Over the past four years images of the men killed in battle have increasingly filled Iraq's cities and towns.

By employing social media, online videos and traditional billboards, candidates are promising citizens a better future. Many politicians have even resorted to Photoshop to enhance their public appeal, prompting derision from some.

Some candidates chose not to wait for Saturday’s official campaign to kick-off and have for weeks been greeting potential voters and conversing with locals.

“I have spoken to candidates during the past few weeks, they seem very friendly and have promised us a better future, let's see what will happen after the elections and if they will keep their promise," Ammar Hassan, a local shop owner in Baghdad said.

According to the Independent High Electoral Commission (IHEC), nearly 7,000 candidates have registered to run in May’s elections, with 329 parliamentary seats up for grabs.
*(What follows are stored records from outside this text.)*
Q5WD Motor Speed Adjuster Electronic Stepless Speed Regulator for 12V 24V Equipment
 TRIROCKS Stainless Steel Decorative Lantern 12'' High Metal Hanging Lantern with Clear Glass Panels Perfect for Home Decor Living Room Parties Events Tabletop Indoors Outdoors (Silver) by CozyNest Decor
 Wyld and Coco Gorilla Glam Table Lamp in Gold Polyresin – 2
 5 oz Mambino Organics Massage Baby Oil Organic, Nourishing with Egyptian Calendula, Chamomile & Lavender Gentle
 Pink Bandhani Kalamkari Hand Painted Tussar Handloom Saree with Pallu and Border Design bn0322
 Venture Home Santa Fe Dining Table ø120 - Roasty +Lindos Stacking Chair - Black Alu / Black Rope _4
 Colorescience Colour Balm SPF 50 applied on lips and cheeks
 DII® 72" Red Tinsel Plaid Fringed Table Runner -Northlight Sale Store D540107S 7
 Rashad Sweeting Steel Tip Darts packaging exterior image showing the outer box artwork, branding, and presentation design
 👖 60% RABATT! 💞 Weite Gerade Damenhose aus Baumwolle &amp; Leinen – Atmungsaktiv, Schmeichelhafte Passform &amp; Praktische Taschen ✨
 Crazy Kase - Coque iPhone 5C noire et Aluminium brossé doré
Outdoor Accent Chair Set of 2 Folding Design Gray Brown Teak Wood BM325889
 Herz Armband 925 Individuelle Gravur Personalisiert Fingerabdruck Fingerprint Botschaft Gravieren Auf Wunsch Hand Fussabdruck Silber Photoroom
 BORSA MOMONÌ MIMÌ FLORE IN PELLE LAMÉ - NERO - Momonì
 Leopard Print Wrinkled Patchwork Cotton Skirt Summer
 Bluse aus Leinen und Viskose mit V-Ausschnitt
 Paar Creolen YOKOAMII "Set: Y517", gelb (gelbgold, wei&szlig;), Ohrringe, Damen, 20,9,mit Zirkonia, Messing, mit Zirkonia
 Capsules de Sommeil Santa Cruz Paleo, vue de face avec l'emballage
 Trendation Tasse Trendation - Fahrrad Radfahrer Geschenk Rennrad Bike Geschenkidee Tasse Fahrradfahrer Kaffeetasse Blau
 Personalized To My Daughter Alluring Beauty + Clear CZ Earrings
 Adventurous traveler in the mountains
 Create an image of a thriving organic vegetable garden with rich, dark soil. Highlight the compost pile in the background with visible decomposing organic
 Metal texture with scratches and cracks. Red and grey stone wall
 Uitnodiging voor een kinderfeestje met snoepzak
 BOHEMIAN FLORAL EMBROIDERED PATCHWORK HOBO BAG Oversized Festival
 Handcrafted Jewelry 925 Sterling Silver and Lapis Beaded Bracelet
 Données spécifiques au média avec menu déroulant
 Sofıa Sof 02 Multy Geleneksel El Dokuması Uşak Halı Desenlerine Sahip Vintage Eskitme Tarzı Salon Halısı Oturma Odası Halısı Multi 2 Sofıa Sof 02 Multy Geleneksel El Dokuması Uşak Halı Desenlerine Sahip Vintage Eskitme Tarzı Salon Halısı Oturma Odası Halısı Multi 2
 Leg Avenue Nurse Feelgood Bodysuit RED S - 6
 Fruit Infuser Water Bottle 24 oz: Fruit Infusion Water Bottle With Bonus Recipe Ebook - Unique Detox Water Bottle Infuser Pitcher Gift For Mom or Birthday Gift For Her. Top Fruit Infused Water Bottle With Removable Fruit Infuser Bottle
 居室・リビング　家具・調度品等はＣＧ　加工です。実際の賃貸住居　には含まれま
Meanwhile, on Sunday, campaigning in the Kurdistan Region of Iraq kicked off with 503 candidates competing in the semi-autonomous region for seats in parliament.

The start of the campaign was delayed by one day to commemorate the 30th anniversary of the victims of Saddam Hussien's "Anfal" campaign that targeted Iraqi Kurds in the late 1980s.

During Anfal, which translates as "Spoils of War" and estimated 182,000 people were killed and 4,000 villages, declared “prohibited areas” by Saddam’s government, were razed and bombed as part of a scorched-earth campaign.